Prentiss, whose family purchased the property in 1930, and Roberts knew when they commercialized and opened True Mountain Maple that production would be different every year, but Roberts said it is getting more unpredictable. Their 2025 season started weeks later than usual, which Roberts attributed to a cold February. However, they processed 1,250 gallons of maple syrup in just over a four-week period compared to 1,240 gallons over seven weeks last year.
Lilley said this year’s season lasted just four weeks for most Maine producers, yet resulted in record yields. Despite the late start, temperatures stayed in the ideal production zone with just a few days that were too warm. Typically, extended periods of freezing temperatures stall midseason production, but producers collected sap nearly every day this year.

Roberts said productive, short windows for processing sap puts added stress on operations like True Mountain Maple, in which just two or three people are working.
In addition, Prentiss has noticed areas of the sugarbush where trees are stressed or dying. These patches increased after the abnormally dry years of 2020-22. Heavy rainfall has also damaged access roads on their mountainside sugarbush.
To minimize stress and enhance the ecosystem, Prentiss and Roberts have worked with a forester to develop a forest management plan and have implemented those plans to thin the trees and increase diversity of tree species.
“Basswoods are really good trees to have in your forest because bees love them,” Prentiss said. “They’re good diversity. You don’t want to make it a monoculture.”
Lilley first toured True Mountain in 2023 to learn about Prentiss’s and Roberts’s management approaches and provide insights on additional best practices. He and Leahy are planning an in-depth, three-part micro-credential course to train sugarbush managers, consulting foresters and other technical advisors about some of the sustainable practices used at True Mountain Maple, which can help create more resilient forests.
“When there’s a big wind storm that comes through, as an example, if there are other types of trees in the woods that are more deeply rooted, that can withstand those winds, versus these shallow rooted sugar maples, they are all going to have a higher chance of not getting knocked over,” Lilley said.
A severe hurricane in Nova Scotia in 2019 destroyed an estimated 25% of the province’s maple trees and caused maple businesses to default. While this hasn’t happened to this extreme in Maine, Lilley said that over the past several years, extended periods of drought and flooding, ice storms and strong wind have damaged forest health.
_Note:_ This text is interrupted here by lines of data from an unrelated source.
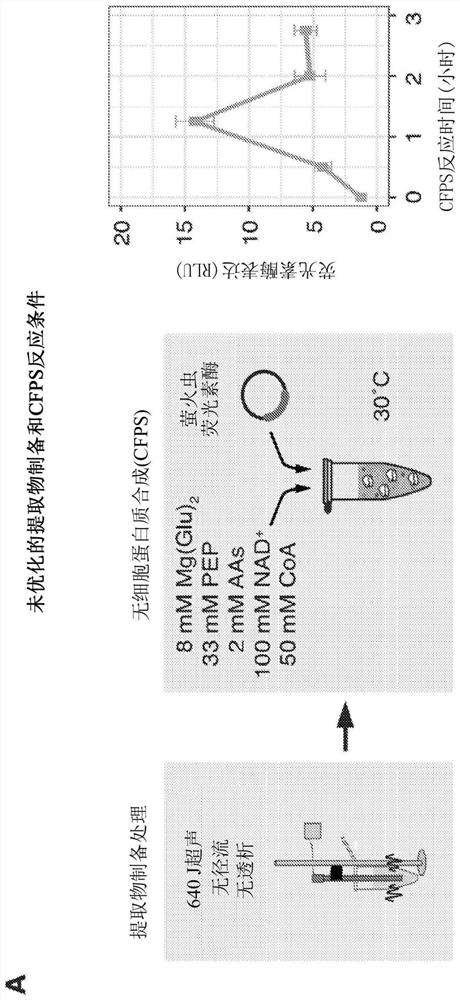 Cell-free protein synthesis platforms derived from clostridia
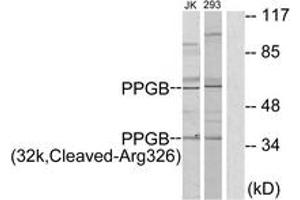 Western Blotting (WB) image for anti-Cathepsin A (CTSA) (AA 277-326), (Cleaved-Arg326) antibody (ABIN2891203) (CTSA Antikörper  (Cleaved-Arg326))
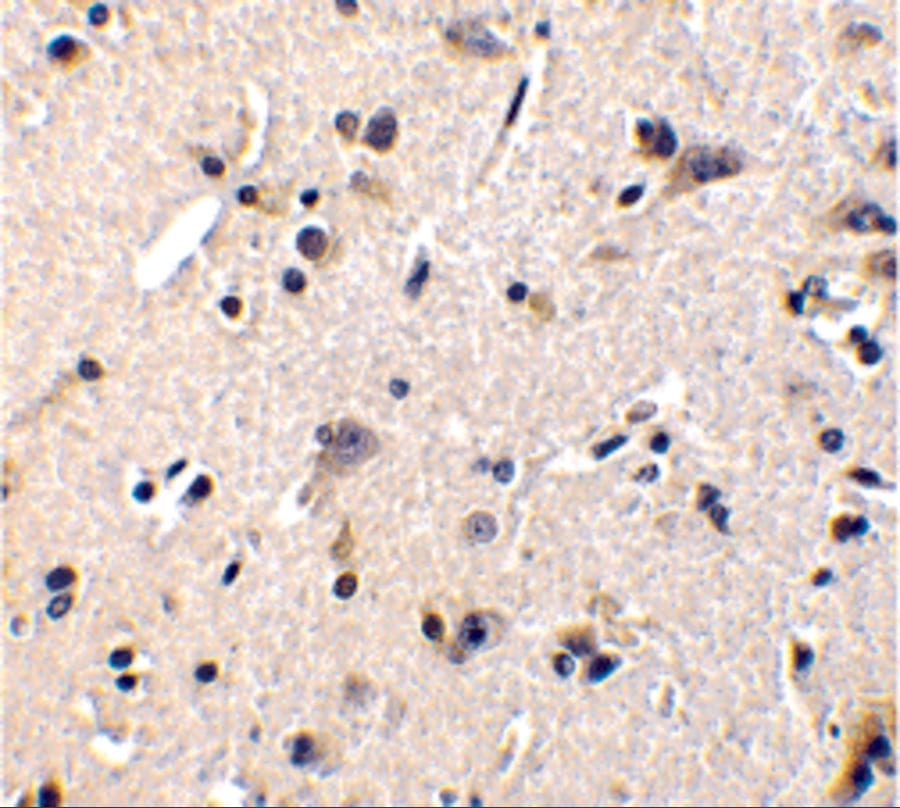 GFR alpha-1/GDNF R alpha-1 Antibody - BSA Free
As part of their research and outreach, Lilley and Leahy will record the perceptions and experiences of Maine maple producers regarding how the weather in recent years has impacted their sugarbushes, which will help establish a baseline for management strategies. This program, funded by a $481,691 grant through the U.S. Department of Agriculture, is a collaboration with two faculty from the University of Vermont Cooperative Extension, an assistant Extension professor of forestry and a maple specialist, and is an educational opportunity for anyone — business owners, students, consulting foresters or backyard sugarmakers.
In addition to the micro-credential course, which is curricula focused on workforce development and offered to students and professionals, Lilley and Leahy will host a series of public workshops on sugarbush management strategies.
This grant is one of several from the USDA in the past decade to support maple syrup production through UMaine research. A separate project from Leahy aimed to strengthen rural communities by addressing beekeeping and maple production challenges, and research from the School of Food and Agriculture aims to expand the domestic market for maple products.